So Holman never walked out of Kansas City International, just booked another flight back out west. What happened next managed to embarrass him then. Now he just laughs about it. 

“I walked up to the spring training facility of the Seattle Mariners, and I look like a big joke walking up there with all my stuff,” Holman says. “I found the clubbie who’s supposed to get me in touch with Jim Beattie,” then the Mariners director of player development. “Jim Beattie got out there about 20 minutes later, and he introduced himself and I introduced myself and he shook my hand and said, ‘Yeah, I’ve heard a lot about you. Unfortunately, we’re in the process of making a lot of decisions. We don’t really have anything for you right now.’ I didn’t know what to say. 

“My brother was pitching that day against the Angels and he hadn’t given up a run in like two spring trainings. I told him, ‘They told me they didn’t have anything for me.’ He said, ‘You got to be kidding me.’ His wife came and picked me up and we walked into the stadium and he’s on the bullpen mound, warming up. He sees me and shouts, ‘It’s going to be OK!’ Super humbling.”

Everything worked, of course. The next day, Holman spent part of the afternoon at an Easter cookout his brother hosted at his apartment — an Easter cookout also attended by Ken Griffey Jr., Randy Johnson and Edgar Martinez, among other Mariners — when he received a call from Woody Woodward, then the Mariners general manager. “‘We got our signals crossed,’” Holman remembers Woodward saying. “‘Come out tomorrow. We’d like to give you another chance.’”

Holman survived spring training — though Tyler Williams, his college roommate at Auburn did not — and pitched the season with the old Peninsula Pilots in the Carolina League. The next season, he started in Peninsula, then received a call up to the Jacksonville Suns in the Southern League. The climb continued the next season to the old Calgary Cannons of the Pacific Coast League and, on July 4, the Mariners. “My goal that day,” he says, “was just throw it in the zone and hope.”

That was the apex. Holman was back in the minors the next season, off the mound altogether after the 1996 season. He was 28. 

Since then, Holman has worked as the pitching coach for the Wisconsin Timber Rattlers, the San Antonio Missions, the old West Tenn Diamond Jaxx (who play now as the Jackson Generals), the Altoona Curve, the Hickory Crawdads and, for the last two seasons, the Pelicans. He has been back in the minors, a coach, for more than a decade. He does want to return to the majors. “My goal here, though,” he says, “is development.” 

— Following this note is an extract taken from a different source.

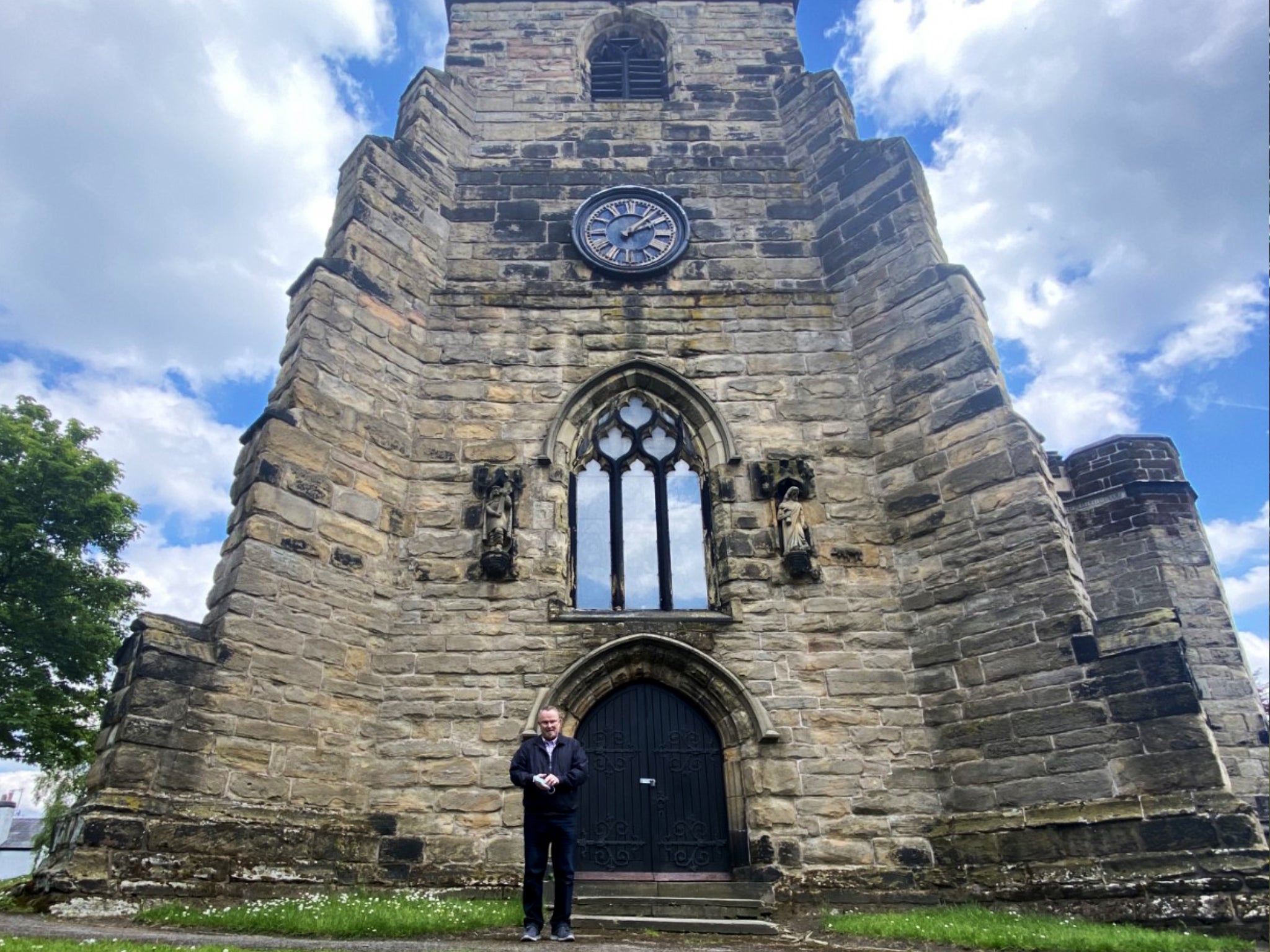 Church treasurer and local historian Peter Beck outside the church clock tower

He wants more pitchers to have moments like he did. 

He wants them to have careers.

 

                   

 

Time for minor league trivia. A handful of minor league teams have called the tourist magnet that is Myrtle Beach their home over the last quarter of a century, including the Blue Jays (1987-90), the Hurricanes (1991-92), the Pelicans (1999-present) and what fictional team that first appeared back in 2009? (Keep reading for the answer.)

Ace Kyle Hendrickson pitched eight quality innings and the Pelicans erupted late to rally and score three runs in the bottom of the seventh on their way to a 4-3 win over the Salem Red Sox. After they managed to push across just one run during the first six innings, the Pelicans scored just enough to (finally) support Hendrickson, among the best pitchers in the Carolina League in every statistical measurement other than wins and losses. Designated hitter Vincent DiFazio doubled home first baseman Brett Nicholas and, two batters later, catcher Tomas Telis singled to drive in third baseman Christian Villanueva and DiFazio. On the mound, Hendrickson allowed three runs on nine hits, struck out eight, walked none and picked up his fourth win of the season to go along with an impressive 2.59 ERA. (Four weeks later, the Rangers shipped both Hendrickson and Villanueva to the Cubs for Ryan Dempster.)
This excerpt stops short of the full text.